The state of American poetry at the turn of the century explains, to
some extent, the diverse, occasionally conflicting formal strains in Dunbar's
work. If, on the one hand, his dialect poems reflect his adoption of stylistic
strategies of both James Whitcomb Riley and also the Plantation Tradition
writers, on the other hand, he modelled his conventional English poetry
after the popular sentimental magazine verse of his day. Ultimately, neither
approach was conducive to a realistic rendering of either the psychology
or the vernacular expressions of African-Americans. (One should also keep
in mind that Dunbar was born and raised in the post-Civil War North and
thus had little firsthand knowledge of southern life generally and none
of slavery.)
Original Audience
Dunbar was read widely in both the black and the white communities,
with the extraordinary sales of his books making him one of the most successful
American writers of his time, regardless of race.

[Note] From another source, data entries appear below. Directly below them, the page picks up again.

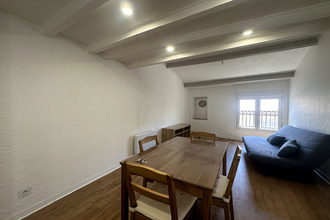  appartement le-luc 83340
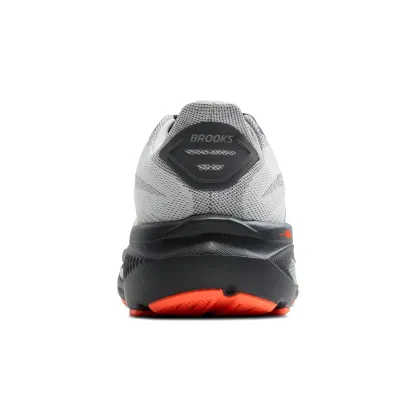 Ghost 17 Oyster Mushroom Orange Ebony – Men’s
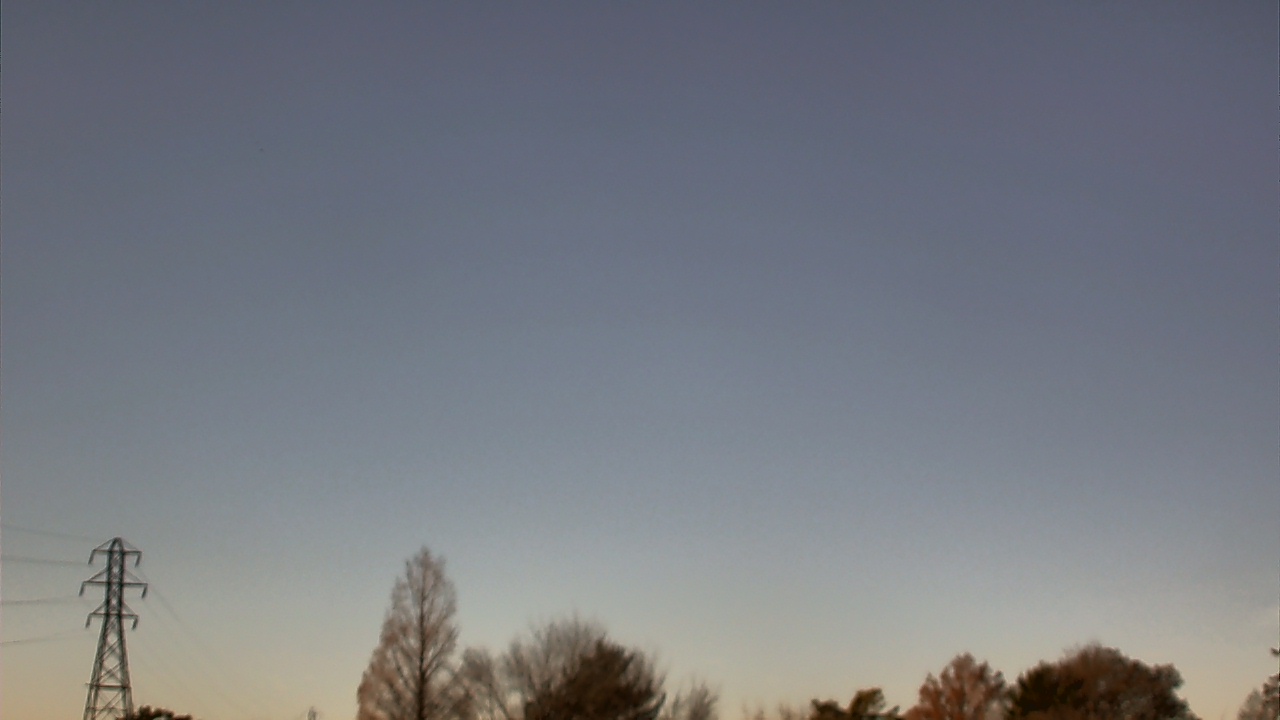 Thumbnail for current weather camera view from Woodmere MS in Woodmere, New York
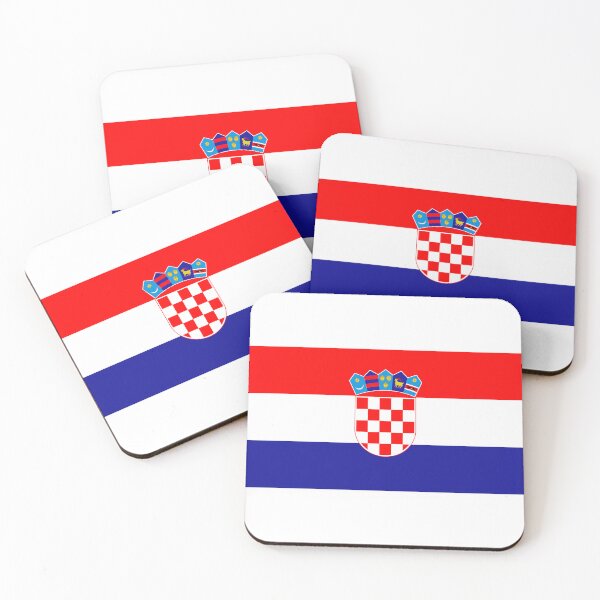 Item preview, Croatia – Land of a Thousand Islands designed and sold by Dany05117671.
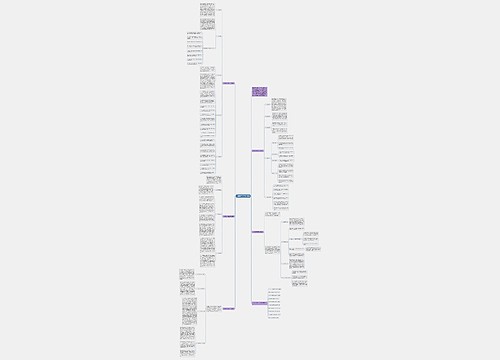 一年级数学教学计划模板 一年级数学教学计划模板
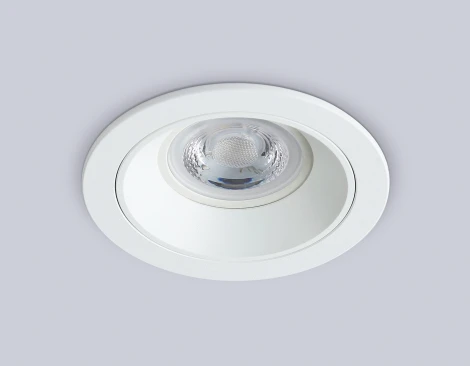 Встраиваемый светильник Ambrella Techno Spot A8920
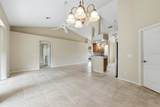 12037 Mallorca Avenue - Photo 23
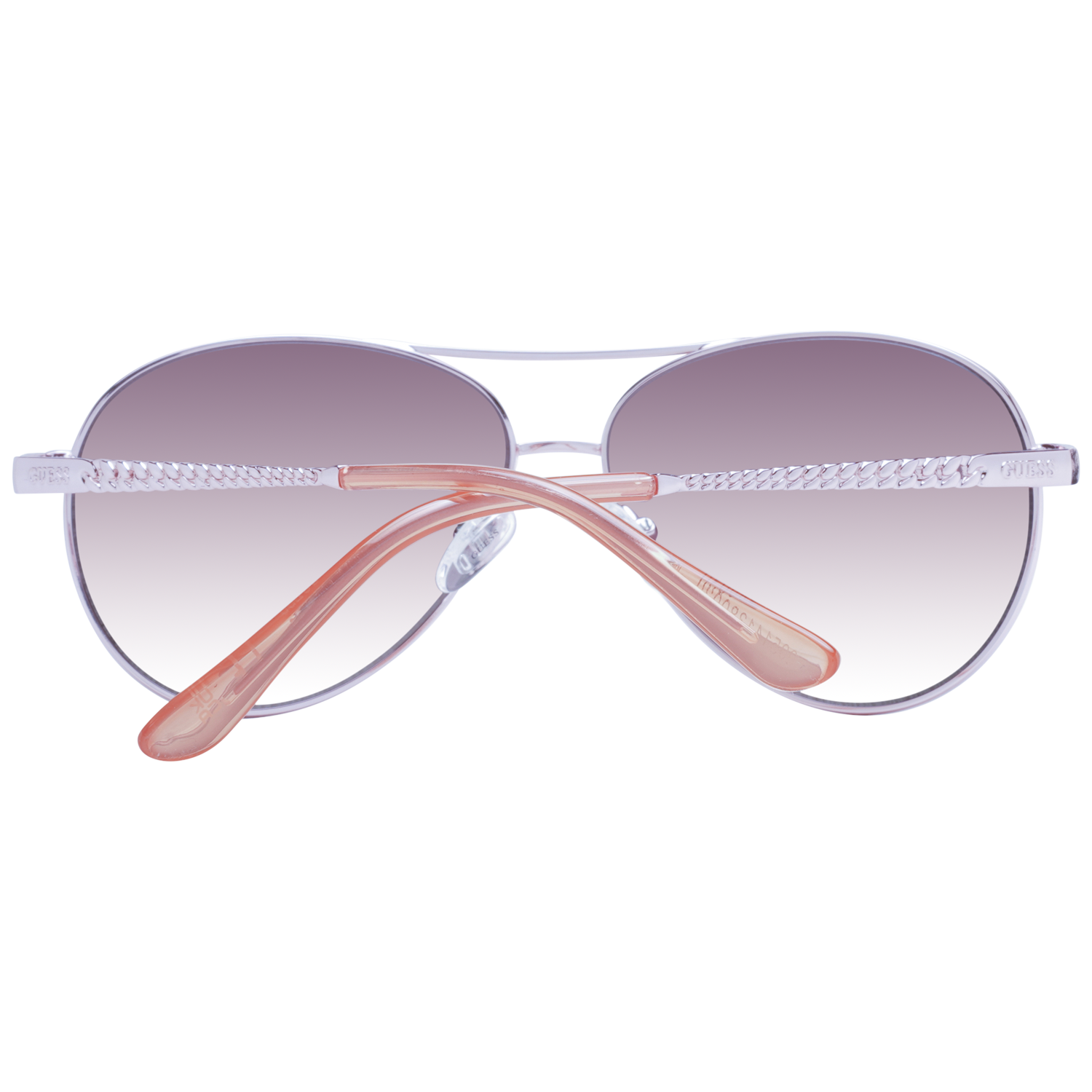 Occhiali da sole Guess GU7470 6028F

Some attention should
be given in the classroom to the possible consequences for Dunbar's art
of this dual audience, especially given that most white readers were not
just unaware of the complexities of African-American life and culture but
possessed of attitudes toward blacks shaped primarily by the racist images
disseminated in the popular press, on the minstrel stage, and by post-Reconstruction
southern politicians.
Comparisons, Contrasts, Connections
Despite the creative and personal tensions that plagued his tragically
brief career, Dunbar was, without question, the single most influential
African-American poet before Langston
Hughes, even if many of the writers of the generation that followed
his rejected aspects of his work. Extremely useful comparisons can and
should be drawn between Dunbar's poetry and that of the New Negro Renaissance.
Questions for Reading and Discussion/ Approaches to Writing
For "Mr. Cornelius Johnson, Office-Seeker":
1. What did the Reconstruction Amendments to the U.S. Constitution (1865-70)
accomplish? What did they fail to do?
2. Given the method of character presentation, do you--as the reader--sympathize
with Cornelius Johnson? Do you find any weaknesses in him that might tend
to explain his predicament?
For Dunbar's poetry:
1. By "scanning" Dunbar's poetry, does a reader learn anything
about Dunbar's poetic technique?
2. Analyze Dunbar's representation of black southern life in "When
Malindy Sings" and "An Ante-Bellum Sermon." In particular,
consider the tactics he utilizes in attempting to undermine the stereotypes
that his characterizations appear on the surface to endorse. How successful
are these tactics? Examine the role of religion and the use of irony in
both poems.
3. From your knowledge of Frederick
Douglass, does Dunbar's poem entitled "Frederick Douglass"
transmit important information about the nineteenth-century leader?
Bibliography
Gayle, Addison, Jr. Oak and Ivy: A Biography of Paul Laurence Dunbar.
Garden City: Anchor/Doubleday, 1971.
Martin, Jay, ed. A Singer in the Dawn: Reinterpretations of Paul
Laurence Dunbar. New York: Dodd, Mead, 1975.
Revell, Peter. Paul Laurence Dunbar. Boston: Twayne, 1979.